*** Block opens ***

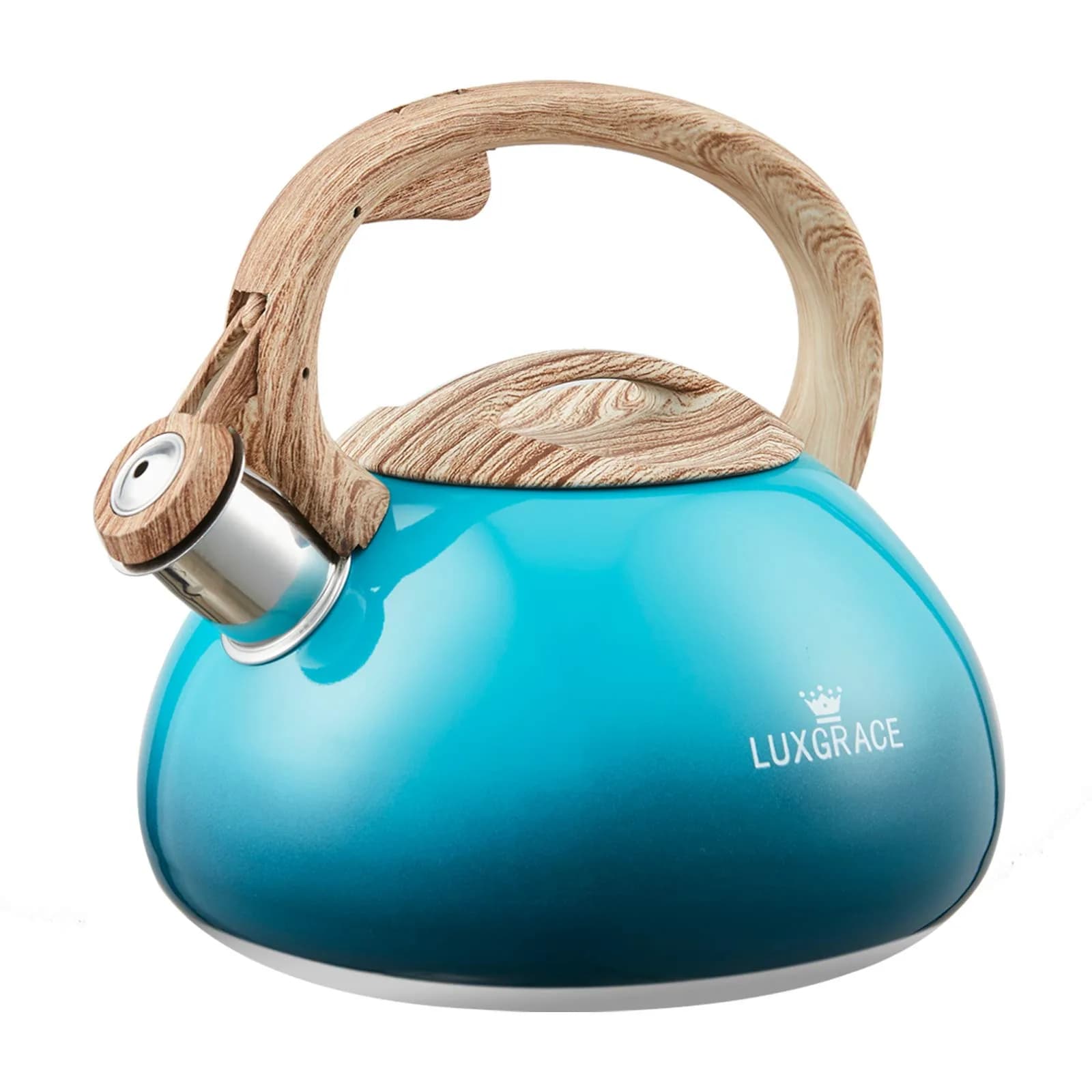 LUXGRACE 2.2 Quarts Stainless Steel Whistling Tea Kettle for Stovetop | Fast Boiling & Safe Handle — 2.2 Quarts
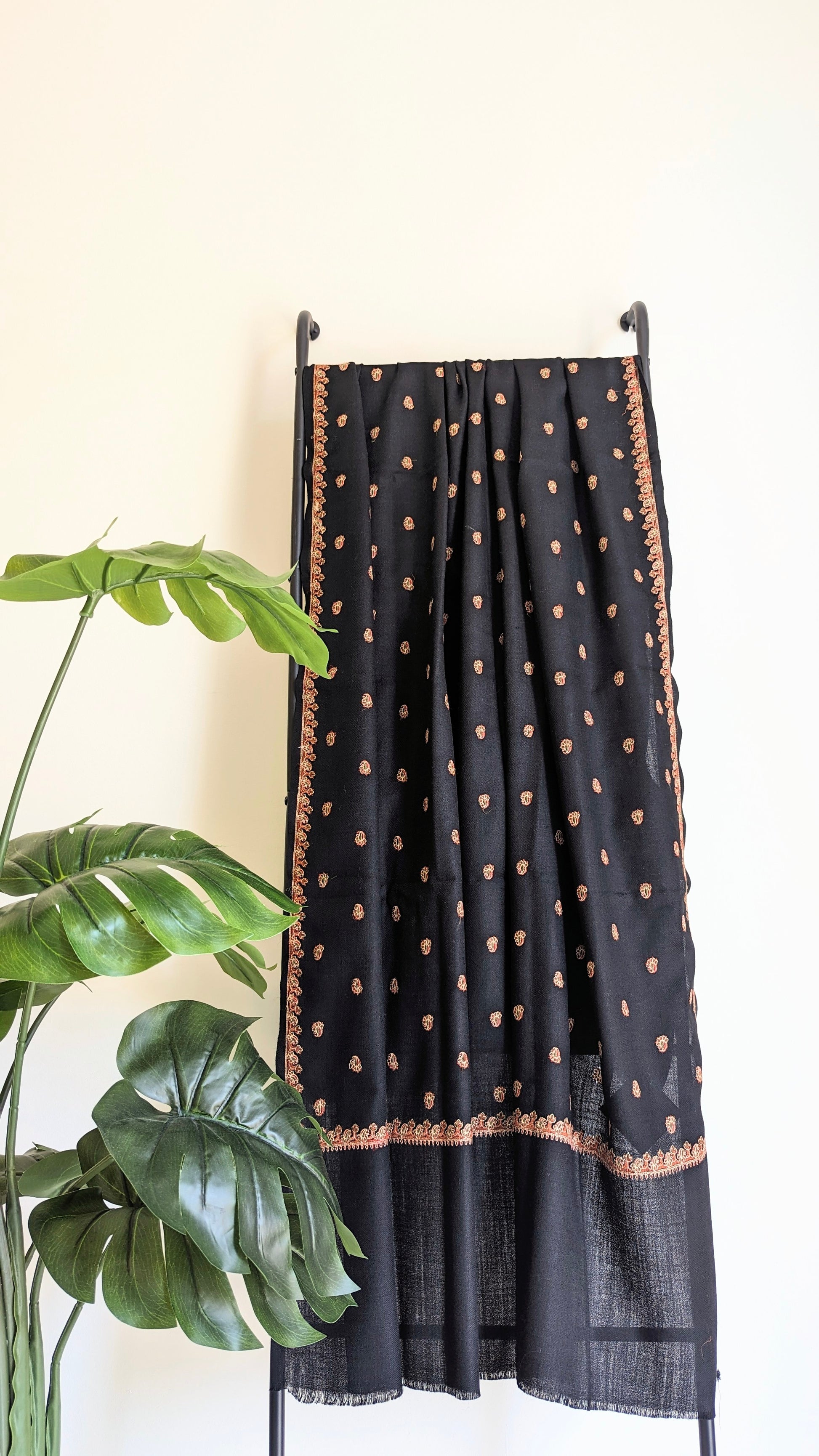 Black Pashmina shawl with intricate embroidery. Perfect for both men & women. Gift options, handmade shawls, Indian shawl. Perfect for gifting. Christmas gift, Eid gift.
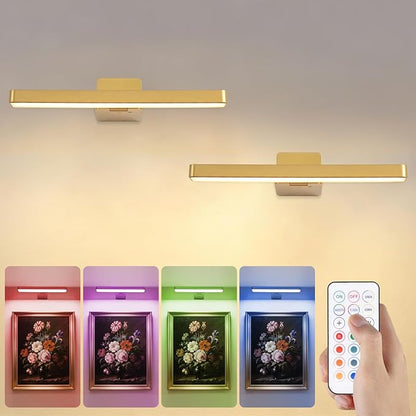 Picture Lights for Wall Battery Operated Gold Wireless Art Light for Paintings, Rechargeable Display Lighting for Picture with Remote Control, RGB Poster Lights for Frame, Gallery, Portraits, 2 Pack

*** Block closes ***

• Activity: Retype all of the listing above exactly, but keep its pictures out.

• Task solution:
 LUXGRACE 2.2 Quarts Stainless Steel Whistling Tea Kettle for Stovetop | Fast Boiling & Safe Handle — 2.2 Quarts
 Black Pashmina shawl with intricate embroidery. Perfect for both men & women. Gift options, handmade shawls, Indian shawl. Perfect for gifting. Christmas gift, Eid gift.
 Picture Lights for Wall Battery Operated Gold Wireless Art Light for Paintings, Rechargeable Display Lighting for Picture with Remote Control, RGB Poster Lights for Frame, Gallery, Portraits, 2 Pack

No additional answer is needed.